◆ Work required ◆
Exactly as they stand, repeat the lines from the one containing "New 2026 Toyota Camry Hybrid image 1" through the final line of the listing, both ends included, and nothing else; skip the pictures.

◆ Dataset excerpt ◆
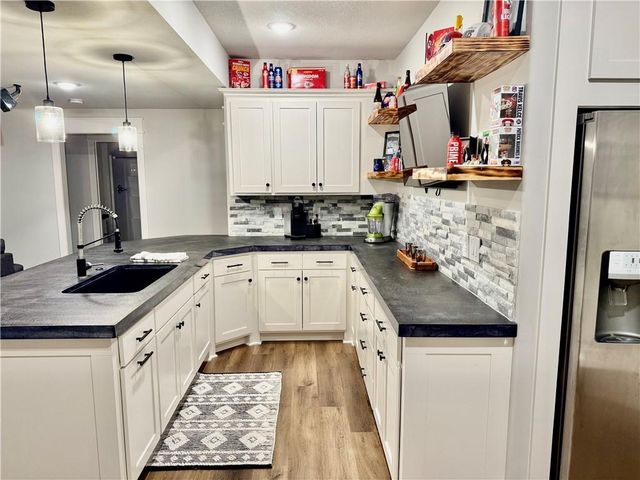 522 NW Bailey Drive, Grain Valley, MO 64029
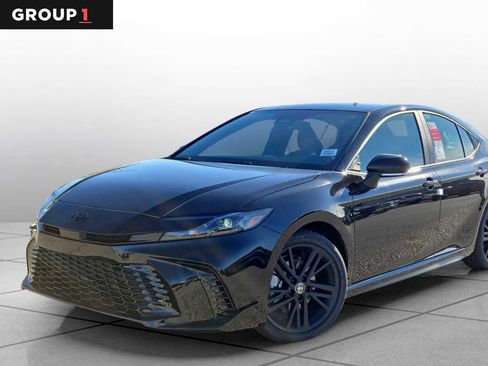 New 2026 Toyota Camry Hybrid image 1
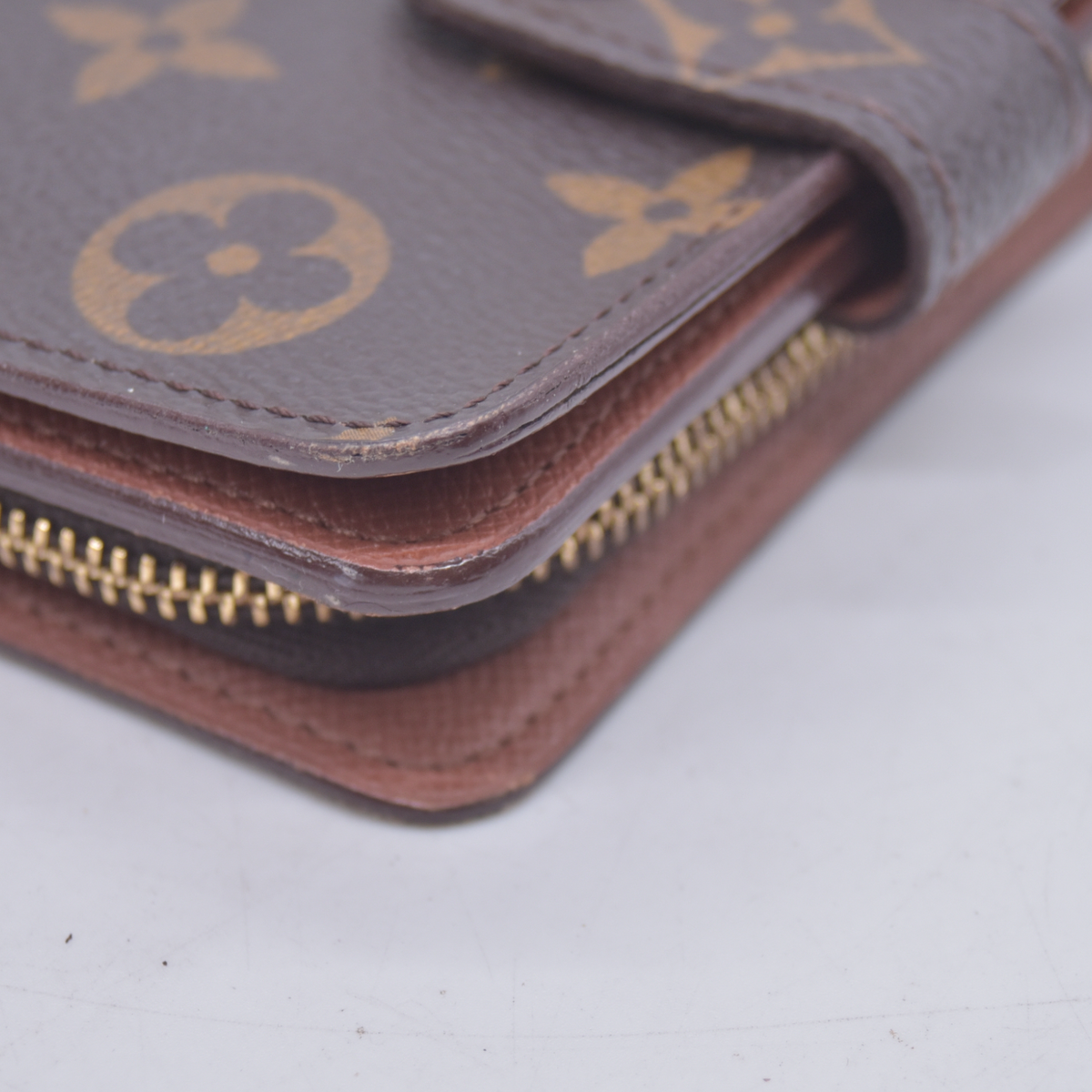 $590 1999 Louis Vuitton Monogram Compact Zippe Zipped Wallet MI0969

◆ Solution to this task ◆
 New 2026 Toyota Camry Hybrid image 1
 $590 1999 Louis Vuitton Monogram Compact Zippe Zipped Wallet MI0969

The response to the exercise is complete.